Stranger who takes it upon himself to Act as a Trustee

A trustee de son tort

A person who has not been appointed a trustee but intermeddles in the administration of a trust by taking it upon himself to act as if he were a trustee will be held liable as if he were in fact a properly appointed trustee. He is known as a trustee de son tort. The principle was explained by Smith LJ in Mara v Browne:

‘…if one, not being a trustee and not having authority from a trustee, takes upon himself to intermeddle with trust matters or to do acts characteristic of the office of trustee, he may thereby make himself what is called in law a trustee of his own wrong-i.e. a trustee de son tort, or, as it is also termed a constructive trust.’

The principle that an intermeddling stranger may become a trustee de son tort is an application to the law of trusts of the principle that anyone who takes it upon himself to act in a fiduciary position he assumed. Thus, a person who takes it upon himself to act as an agent for another will be held liable to account to his principle just as if he had been properly appointed. The principle was applied in Blyth v Fladgate [1891] 1 Ch 337, where a firm of solicitors, Fladgates, held Exchequer bills which were assets of a marriage settlement. After all three trustees of the settlement had died, the moneys were advanced by the firm on a mortgage at the instigation of the husband. The securities proved to be insufficient and it was held that the partners of the firm were liable to make good the shortfall. The rationale for this was that when the Exchequer bills were sold, the firm (meaning each and every partner) became a constructive trustee of the money. They could not possibly be seen as acting as the agents of the trustees because at that stage there were no trustees. By their actions they had assumed upon themselves the position of trustees and it was their duty to see that the moneys were properly applied. They were therefore liable.

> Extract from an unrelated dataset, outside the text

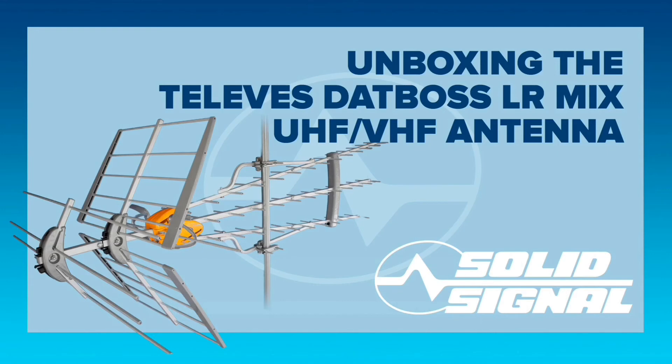Honestly, this is a great antenna but it is going to take two people to install it. Go ahead and click on the installation video right after this one to see how it's all done.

One limitation to the principle seems to be that a person will only be held liable as a trustee de son tort if he had the trust property vested in him or had the right to call for its transfer. This was made clear in Re Barney [1892] 2 Ch 265, where Kekewich J held that it was essential to the character of a trustee that ‘he should have trust property actually vested in him or so far under his control that he has nothing to do but require that that…it should be vested in him,’ and that ‘if that is true of a trustee properly appointed, why is it not also true of a trustee de son tort.’ However, it should be noted that he may be using the concept of a trustee de son tort in the wider sense of a constructive trustee rather than the more limited modern usage of an intermeddling stranger.


In Soar v Ashwell, Lord Esher MR took the view that an intermeddling stranger must be treated, and therefore held liable, as if he were a properly appointed trustee:

‘Where a person has assumed, either with or without consent, to act as a trustee of money or other property…a Court of Equity will impose upon him all the liabilities of an express trustee…’ [1893] 2 QB 390.

The prime liability of the express trustee is not to act in breach of trust, and the trustee de son tort will likewise be held personally liable to account for any such breach. In Particular, if he was wrongfully transferred or dissipated trust property will have to account for it to the trust. As already illustrated in Blyth v Fladgate, the partners of a firm of solicitors who had become trustees de son tort were held liable to the trust for the loss caused by an investment in a mortgage. If the trustee de son tort has trust property, or property which can be shown to represent the original trust property, in his hands the trust will be able to claim that property as its own. This will be particularly important if the trustee de son tort is insolvent.